¶ Intro: AI Security Ops & Episode Setup
Welcome to AI Security Ops, the podcast where we cut through the hype and explore the real world intersection of artificial intelligence and cybersecurity. Each week, we examine how AI is reshaping both sides of the security landscape, the threats that we're facing, and the defenses that we're building. I am Derek, and I am joined by both Brian and Bronwen as per the, you know, usual arrangement. And today, we're gonna look at, essentially models versus harnesses. So there's a debate in the, security community, or the, the AI community about is the model the important part or is the harness the important part?
¶ The Core Question: Model vs Harness
And so from a security perspective, I think the the idea here is that we hear a lot of things about defenders that, you know, they they keep blaming the model for things such, you know, like that it leaked data through prompt injection or something like that. But in reality, if you look at what's happened in, you know, 2025 and 2026, the the locus of agent security has shifted to the harness. But there's still a little bit of a a debate on is it the model or the harness. And before we get in to the debate, I'll take a moment to remind everyone that this show is being brought to you by Black Hills Information Security and Anti Siphon Training. BHIS helps organizations identify and close real world security gaps through pen testing, adversary, adversary emulation and simulation, and Purple Team engagements, manage detection and response, pretty much if it's, security.
We can help you with it.
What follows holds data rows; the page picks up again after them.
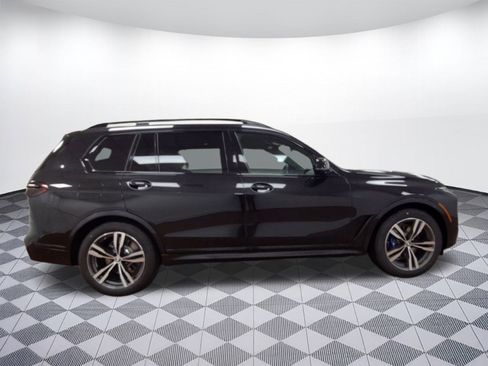 Used 2026 BMW X7 xDrive40i image 7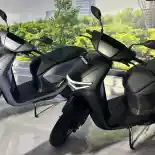 Perbandingan Fitur RoadSync Honda CUV e: dan New PCX 160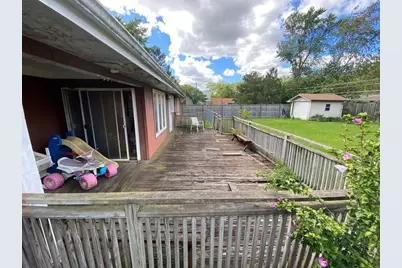 1530 Hassell Road, Hoffman Estates, IL 60169 - Photo 7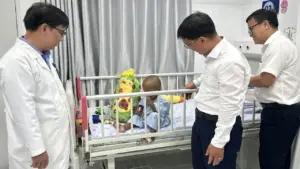 Trao giấy khai sinh cho bé 2 tuổi bị mẹ và người tình bạo hành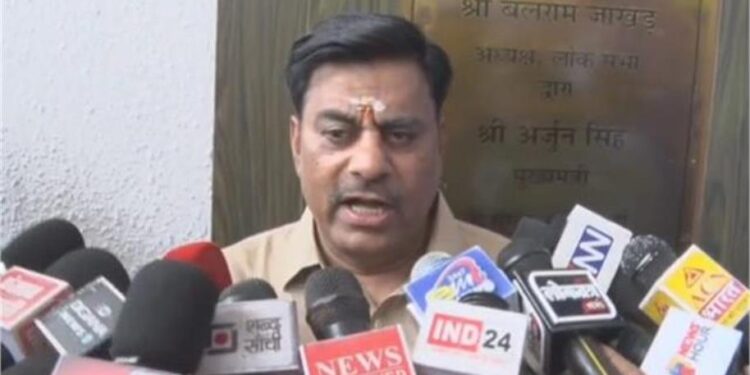 कांग्रेस के प्रदर्शन पर विधायक रामेश्वर शर्मा का पलटवार “पूरा देश जानता है कि कांग्रेस खुद बेरोज़गार है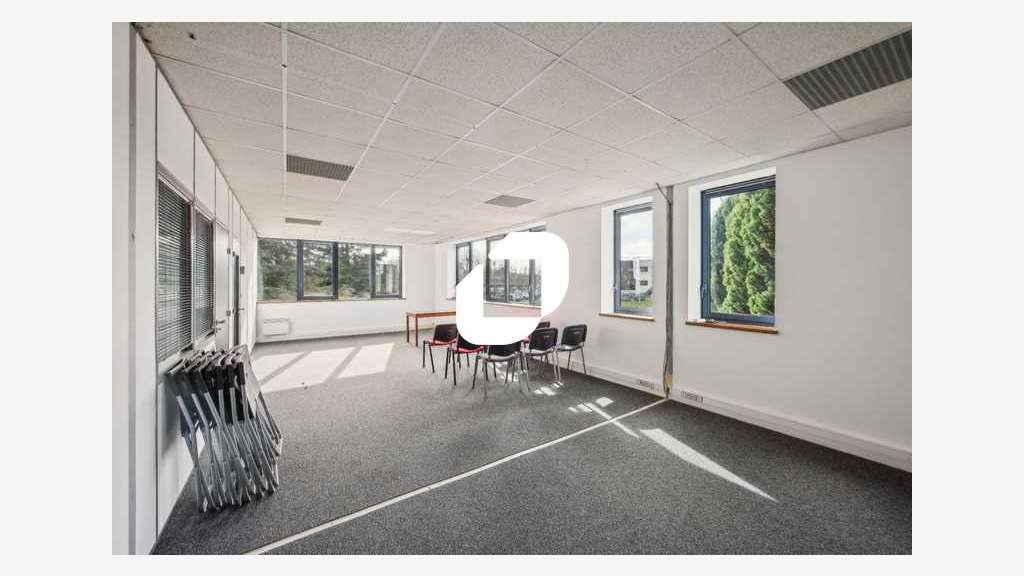 A louer Bureaux 161m² Villebon sur yvette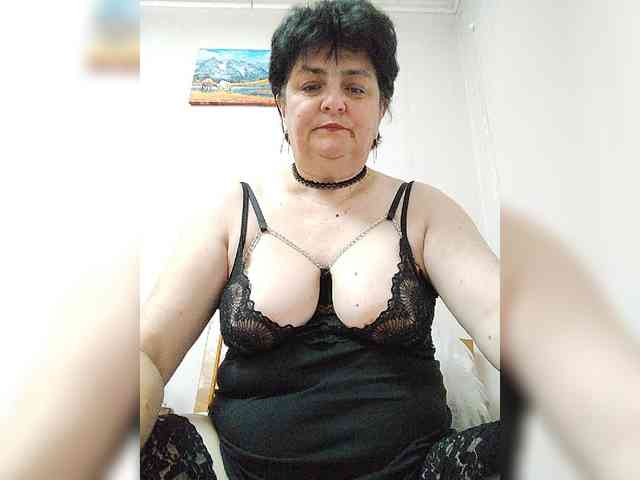 IsXLoves webcam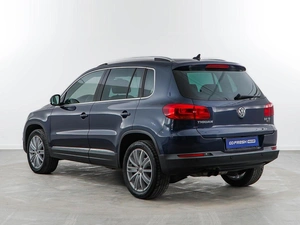 Внедорожник Volkswagen Tiguan 2012 года, 1629055 рублей, Москва
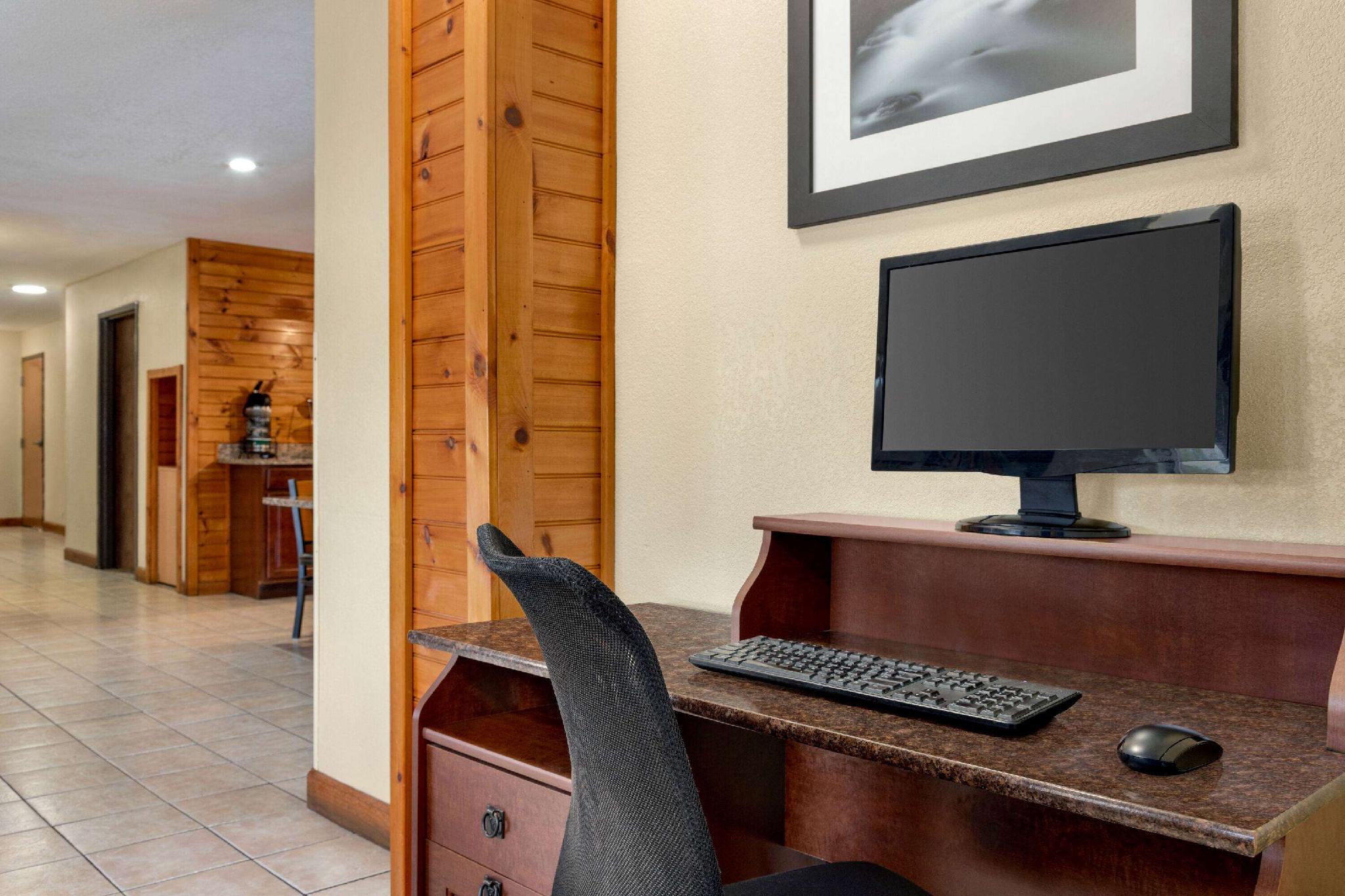 Trung tâm hội nghị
Anti Syphon delivers hands on practitioner led training built around real attacks and real defenses and real tools so you can apply what you learn immediately. Learn more at blackhillsinfosec.com and antisiphontraining.com. And so, what do you all think? What do you think?
¶ Defining the Model: What It Actually Does
Is the is the harness the more important part for security or is it the model? And, you know, before we talk about that, maybe, Brian, do you wanna take a stab at kind of, you know, the definitions that matter when we say model versus harness?
Yeah. Well, I think the main one to get out of the way is is just model and harness. Right? So model is that is kind of the the core AI mechanism. Right?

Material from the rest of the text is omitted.